ASSIGNED TASK: Each line in the entries below that holds the string "Image" must be copied.
(MATERIAL TO PROCESS)
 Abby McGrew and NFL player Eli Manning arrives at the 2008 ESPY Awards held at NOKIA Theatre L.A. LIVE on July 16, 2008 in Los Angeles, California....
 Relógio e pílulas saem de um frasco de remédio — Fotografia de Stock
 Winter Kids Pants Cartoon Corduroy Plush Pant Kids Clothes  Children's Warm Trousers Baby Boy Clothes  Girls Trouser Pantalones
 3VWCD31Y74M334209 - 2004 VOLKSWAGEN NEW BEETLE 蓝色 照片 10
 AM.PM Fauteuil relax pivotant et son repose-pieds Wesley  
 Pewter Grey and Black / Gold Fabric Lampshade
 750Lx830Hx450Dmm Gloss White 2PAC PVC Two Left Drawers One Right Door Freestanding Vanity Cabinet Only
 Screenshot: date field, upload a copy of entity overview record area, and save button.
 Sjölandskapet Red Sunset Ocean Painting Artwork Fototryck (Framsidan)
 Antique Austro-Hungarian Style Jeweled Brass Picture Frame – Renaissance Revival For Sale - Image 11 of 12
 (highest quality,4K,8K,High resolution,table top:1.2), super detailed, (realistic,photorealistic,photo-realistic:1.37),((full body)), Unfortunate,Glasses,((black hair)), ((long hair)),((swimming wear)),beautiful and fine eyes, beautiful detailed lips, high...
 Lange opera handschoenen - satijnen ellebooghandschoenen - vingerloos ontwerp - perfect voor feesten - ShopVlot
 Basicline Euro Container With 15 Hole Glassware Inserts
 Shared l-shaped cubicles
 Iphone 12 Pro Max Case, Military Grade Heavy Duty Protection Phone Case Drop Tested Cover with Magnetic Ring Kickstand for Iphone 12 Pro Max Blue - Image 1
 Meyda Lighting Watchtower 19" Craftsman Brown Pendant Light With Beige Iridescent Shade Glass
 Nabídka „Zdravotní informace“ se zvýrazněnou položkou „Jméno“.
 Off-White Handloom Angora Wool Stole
(End MATERIAL TO PROCESS)
RESPONSE FOR THIS EXERCISE:
 Antique Austro-Hungarian Style Jeweled Brass Picture Frame – Renaissance Revival For Sale - Image 11 of 12
 Iphone 12 Pro Max Case, Military Grade Heavy Duty Protection Phone Case Drop Tested Cover with Magnetic Ring Kickstand for Iphone 12 Pro Max Blue - Image 1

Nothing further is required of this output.